# Greece now second-riskiest world sovereign - CMA



## PETERFC (Apr 3, 2009)

Greece now second-riskiest world sovereign - CMA  - Yahoo! News UK


----------



## Catx (Apr 15, 2009)

PETERFC said:


> Greece now second-riskiest world sovereign - CMA* - Yahoo! News UK


So what? These are Portuguese forums :confused2:


----------



## PETERFC (Apr 3, 2009)

*Reply*



Catx said:


> So what? These are Portuguese forums :confused2:


Among the world's safest sovereigns first and second places remained occupied by Norway and Finland, followed by an improvement in the credit of the United States at third place, from tenth in the previous quarter.

But the euro zone's safest haven bonds, German Bunds, and The Netherlands, slipped in the rankings. Germany was sixth-safest compared with third-safest in the first quarter, while Dutch debt was eighth, slipping from sixth.
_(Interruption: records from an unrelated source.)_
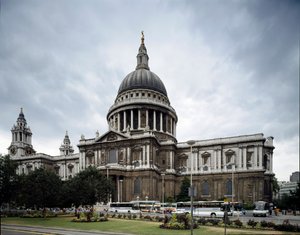 A view of the cathedral of Saint Paul designed by the architect Christopher Wren (1632-1723), the dome is nicknamed the Pantheon. London, England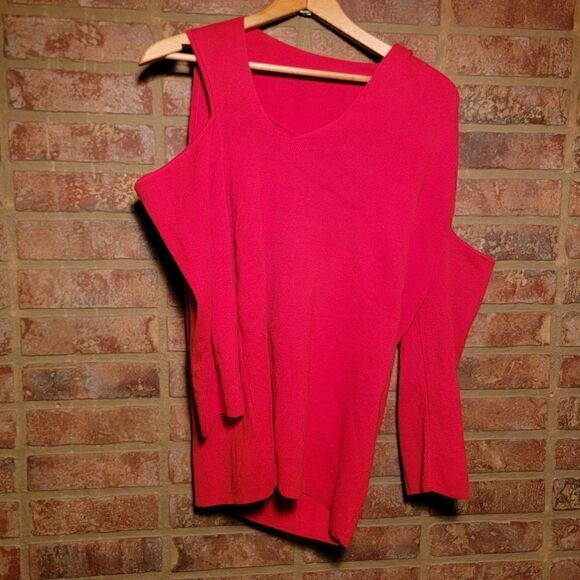 Bold Elements Cut to Curve red cutout sweater size XL NWOT - Picture 1 of 4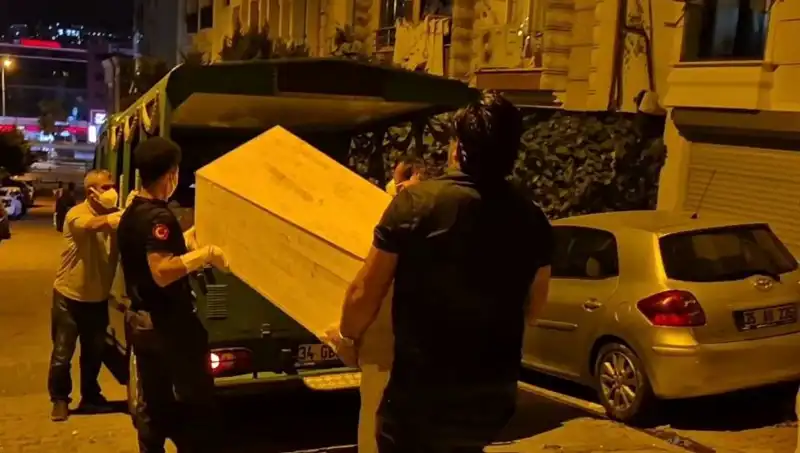 Esenyurt'ta Gizemli Bir Ölüm: Kadın Cesedi Bulundu!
The worst performing sovereigns in the quarter ended June were Greece, whose percentage rise in CDS was 190 percent, followed by Belgium, whose CDS rose 168.5 percent.

Spain's CDS was third worst-performing with a 129.2 percent jump, *Portugal fourth*, with a 127.3 percent rise, and France fifth with a 112.3 percent gain in cost of debt protection.

This may be a Portugal Forum i agree i have high lighted the position of Portugal.

Peter


----------